[[ RECORDED DATA, beginning ]]

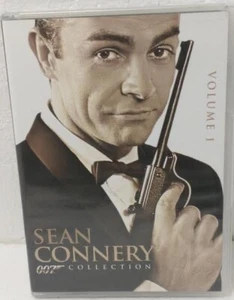 SEAN CONNERY 007 COLLECTION VOLUME 1 (DVD), 2010, 6-Disc Set, VG) 3 Movies - Picture 1 of 9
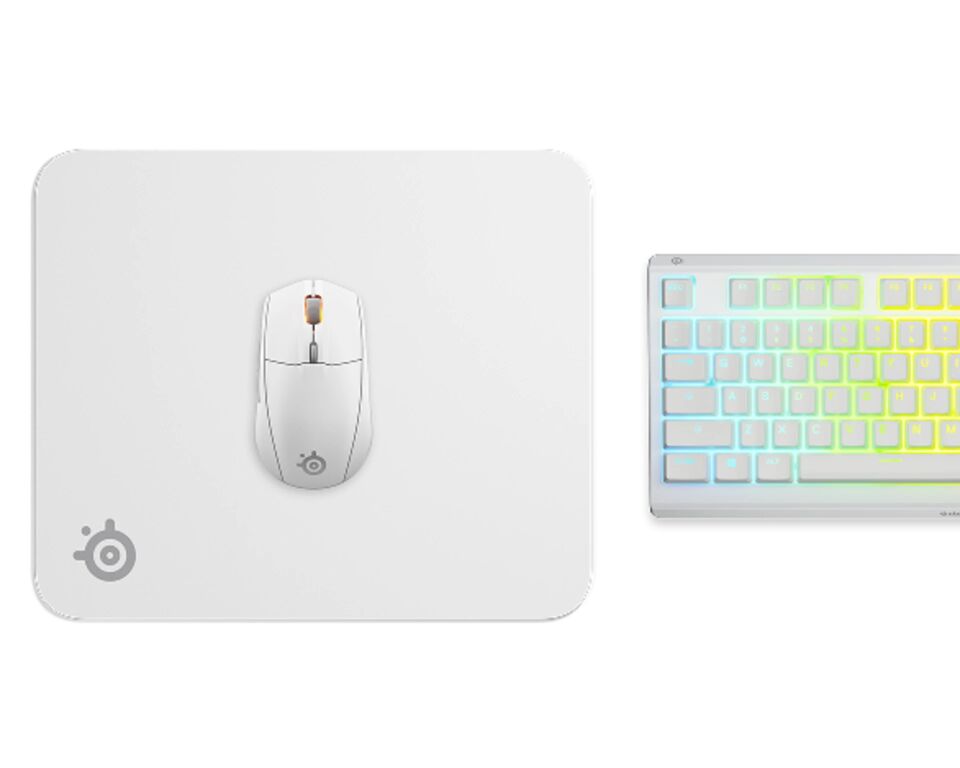 STEELSERIES QCK M BEYAZ 63461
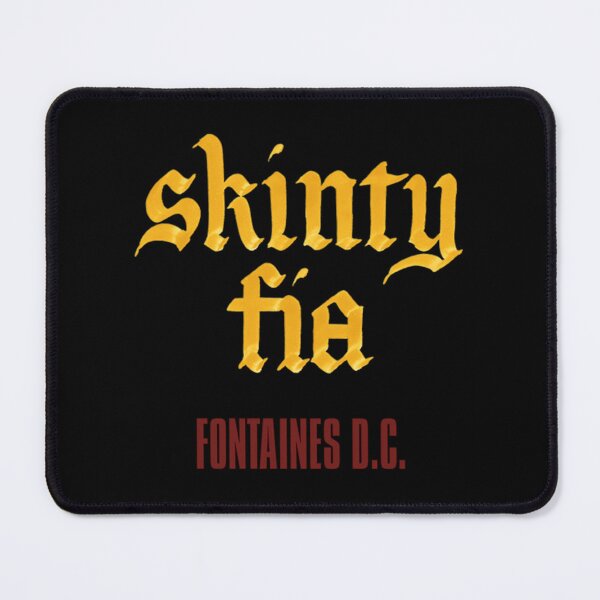 Item preview, Fontaines D.C Skinty fia designed and sold by PearlineOConne.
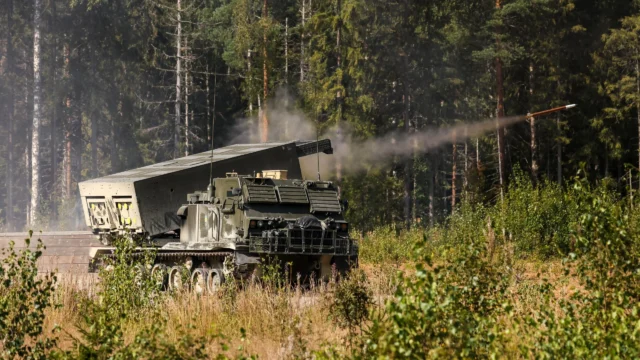 Live firing tests of precision missile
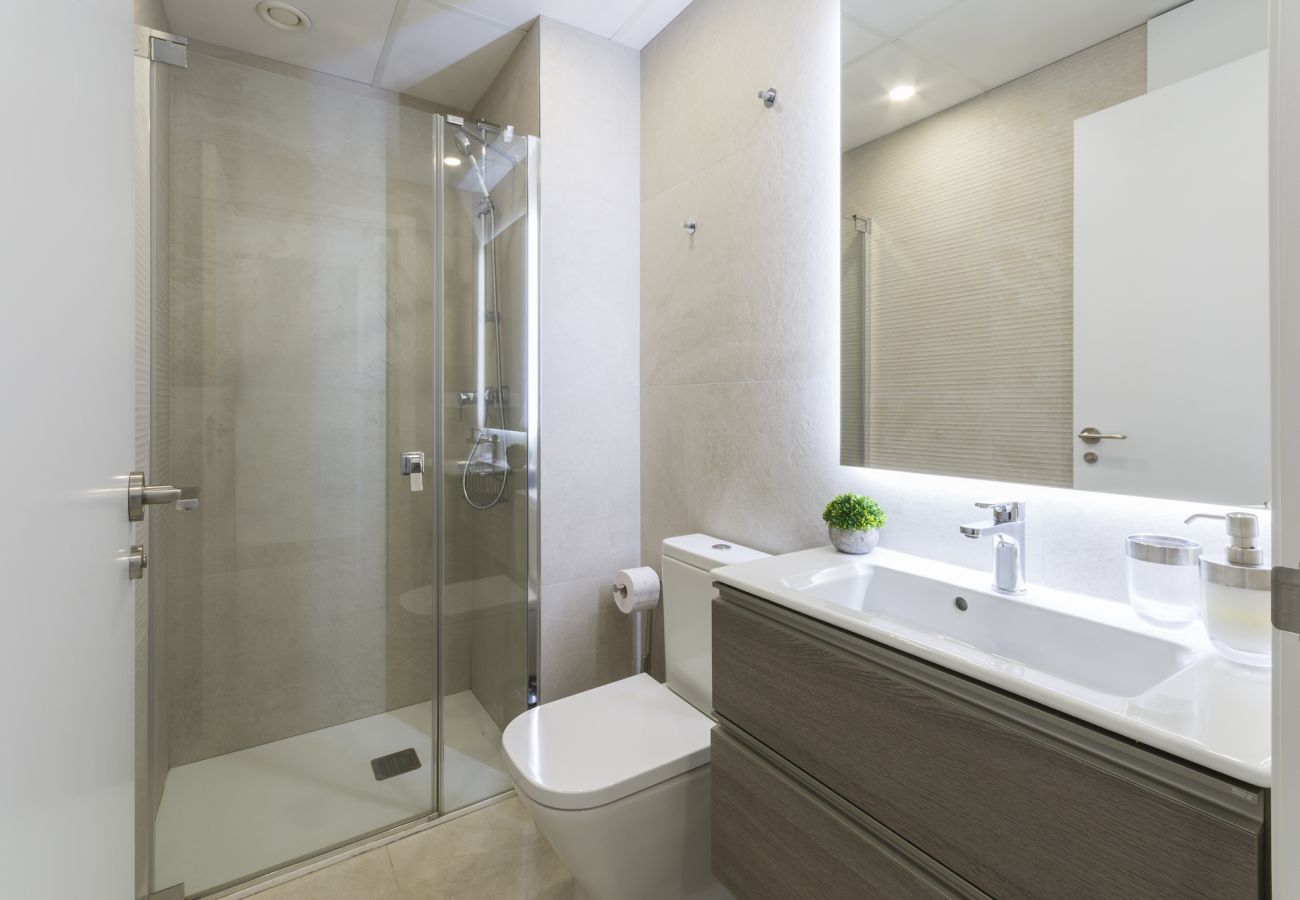 Apartamento en Playa de Gandía - AG ALAMO 8C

[[ RECORDED DATA, end ]]

- **EXERCISE PROMPT**
Retype word for word the span of lines above that begins with the line containing "Live firing tests of precision missile" and ends with the last line of the records; skip all pictures.

- **ANSWER FOR THIS EXERCISE**
 Live firing tests of precision missile
 Apartamento en Playa de Gandía - AG ALAMO 8C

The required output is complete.